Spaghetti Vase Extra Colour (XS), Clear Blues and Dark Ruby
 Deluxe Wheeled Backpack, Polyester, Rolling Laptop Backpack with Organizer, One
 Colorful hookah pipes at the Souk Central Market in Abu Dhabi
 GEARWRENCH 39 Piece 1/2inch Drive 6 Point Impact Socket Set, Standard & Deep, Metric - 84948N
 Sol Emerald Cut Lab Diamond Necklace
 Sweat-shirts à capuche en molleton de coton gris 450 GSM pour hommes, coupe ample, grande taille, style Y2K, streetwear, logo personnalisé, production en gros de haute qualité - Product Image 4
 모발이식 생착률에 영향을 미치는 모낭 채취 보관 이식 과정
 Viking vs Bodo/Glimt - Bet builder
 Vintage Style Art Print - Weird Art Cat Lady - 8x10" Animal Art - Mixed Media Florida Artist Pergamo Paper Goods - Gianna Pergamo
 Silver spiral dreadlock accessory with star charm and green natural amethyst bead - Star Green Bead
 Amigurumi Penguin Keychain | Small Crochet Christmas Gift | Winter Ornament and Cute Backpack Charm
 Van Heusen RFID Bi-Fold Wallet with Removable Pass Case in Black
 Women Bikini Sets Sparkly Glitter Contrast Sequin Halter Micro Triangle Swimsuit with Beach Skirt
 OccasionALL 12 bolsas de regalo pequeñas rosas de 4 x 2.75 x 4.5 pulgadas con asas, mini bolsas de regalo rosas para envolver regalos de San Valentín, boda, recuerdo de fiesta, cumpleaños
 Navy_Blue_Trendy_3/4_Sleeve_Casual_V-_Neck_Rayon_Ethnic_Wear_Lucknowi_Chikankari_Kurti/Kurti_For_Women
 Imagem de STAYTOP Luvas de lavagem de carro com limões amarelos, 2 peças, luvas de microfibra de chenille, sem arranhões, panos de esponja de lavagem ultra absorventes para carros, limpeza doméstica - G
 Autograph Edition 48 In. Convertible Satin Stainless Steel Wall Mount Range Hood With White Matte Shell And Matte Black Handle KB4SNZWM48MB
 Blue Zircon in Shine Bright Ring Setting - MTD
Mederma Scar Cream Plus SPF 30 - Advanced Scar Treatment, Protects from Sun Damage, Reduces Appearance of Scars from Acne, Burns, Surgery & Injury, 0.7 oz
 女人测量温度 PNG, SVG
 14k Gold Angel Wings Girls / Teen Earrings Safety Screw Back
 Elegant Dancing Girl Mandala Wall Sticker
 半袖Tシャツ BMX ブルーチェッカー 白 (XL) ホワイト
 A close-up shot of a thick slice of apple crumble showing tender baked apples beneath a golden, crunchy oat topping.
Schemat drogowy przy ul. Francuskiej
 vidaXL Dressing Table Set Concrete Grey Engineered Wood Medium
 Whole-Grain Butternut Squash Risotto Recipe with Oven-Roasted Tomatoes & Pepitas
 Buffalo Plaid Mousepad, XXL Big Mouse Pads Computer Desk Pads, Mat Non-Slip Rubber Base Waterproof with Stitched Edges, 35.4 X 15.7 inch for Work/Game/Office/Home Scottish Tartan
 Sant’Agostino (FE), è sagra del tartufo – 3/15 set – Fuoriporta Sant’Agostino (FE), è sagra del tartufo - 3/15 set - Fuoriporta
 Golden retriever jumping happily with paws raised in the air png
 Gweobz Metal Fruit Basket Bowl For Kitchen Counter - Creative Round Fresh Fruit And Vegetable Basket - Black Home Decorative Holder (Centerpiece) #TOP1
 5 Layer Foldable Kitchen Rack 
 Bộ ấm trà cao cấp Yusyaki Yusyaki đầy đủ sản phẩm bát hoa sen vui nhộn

——

● PROBLEM TO WORK ON: An exact reproduction of all the records is needed.

● EXPECTED OUTPUT:
Spaghetti Vase Extra Colour (XS), Clear Blues and Dark Ruby
 Deluxe Wheeled Backpack, Polyester, Rolling Laptop Backpack with Organizer, One
 Colorful hookah pipes at the Souk Central Market in Abu Dhabi
 GEARWRENCH 39 Piece 1/2inch Drive 6 Point Impact Socket Set, Standard & Deep, Metric - 84948N
 Sol Emerald Cut Lab Diamond Necklace
 Sweat-shirts à capuche en molleton de coton gris 450 GSM pour hommes, coupe ample, grande taille, style Y2K, streetwear, logo personnalisé, production en gros de haute qualité - Product Image 4
 모발이식 생착률에 영향을 미치는 모낭 채취 보관 이식 과정
 Viking vs Bodo/Glimt - Bet builder
 Vintage Style Art Print - Weird Art Cat Lady - 8x10" Animal Art - Mixed Media Florida Artist Pergamo Paper Goods - Gianna Pergamo
 Silver spiral dreadlock accessory with star charm and green natural amethyst bead - Star Green Bead
 Amigurumi Penguin Keychain | Small Crochet Christmas Gift | Winter Ornament and Cute Backpack Charm
 Van Heusen RFID Bi-Fold Wallet with Removable Pass Case in Black
 Women Bikini Sets Sparkly Glitter Contrast Sequin Halter Micro Triangle Swimsuit with Beach Skirt
 OccasionALL 12 bolsas de regalo pequeñas rosas de 4 x 2.75 x 4.5 pulgadas con asas, mini bolsas de regalo rosas para envolver regalos de San Valentín, boda, recuerdo de fiesta, cumpleaños
 Navy_Blue_Trendy_3/4_Sleeve_Casual_V-_Neck_Rayon_Ethnic_Wear_Lucknowi_Chikankari_Kurti/Kurti_For_Women
 Imagem de STAYTOP Luvas de lavagem de carro com limões amarelos, 2 peças, luvas de microfibra de chenille, sem arranhões, panos de esponja de lavagem ultra absorventes para carros, limpeza doméstica - G
 Autograph Edition 48 In. Convertible Satin Stainless Steel Wall Mount Range Hood With White Matte Shell And Matte Black Handle KB4SNZWM48MB
 Blue Zircon in Shine Bright Ring Setting - MTD
Mederma Scar Cream Plus SPF 30 - Advanced Scar Treatment, Protects from Sun Damage, Reduces Appearance of Scars from Acne, Burns, Surgery & Injury, 0.7 oz
 女人测量温度 PNG, SVG
 14k Gold Angel Wings Girls / Teen Earrings Safety Screw Back
 Elegant Dancing Girl Mandala Wall Sticker
 半袖Tシャツ BMX ブルーチェッカー 白 (XL) ホワイト
 A close-up shot of a thick slice of apple crumble showing tender baked apples beneath a golden, crunchy oat topping.
Schemat drogowy przy ul. Francuskiej
 vidaXL Dressing Table Set Concrete Grey Engineered Wood Medium
 Whole-Grain Butternut Squash Risotto Recipe with Oven-Roasted Tomatoes & Pepitas
 Buffalo Plaid Mousepad, XXL Big Mouse Pads Computer Desk Pads, Mat Non-Slip Rubber Base Waterproof with Stitched Edges, 35.4 X 15.7 inch for Work/Game/Office/Home Scottish Tartan
 Sant’Agostino (FE), è sagra del tartufo – 3/15 set – Fuoriporta Sant’Agostino (FE), è sagra del tartufo - 3/15 set - Fuoriporta
 Golden retriever jumping happily with paws raised in the air png
 Gweobz Metal Fruit Basket Bowl For Kitchen Counter - Creative Round Fresh Fruit And Vegetable Basket - Black Home Decorative Holder (Centerpiece) #TOP1
 5 Layer Foldable Kitchen Rack 
 Bộ ấm trà cao cấp Yusyaki Yusyaki đầy đủ sản phẩm bát hoa sen vui nhộn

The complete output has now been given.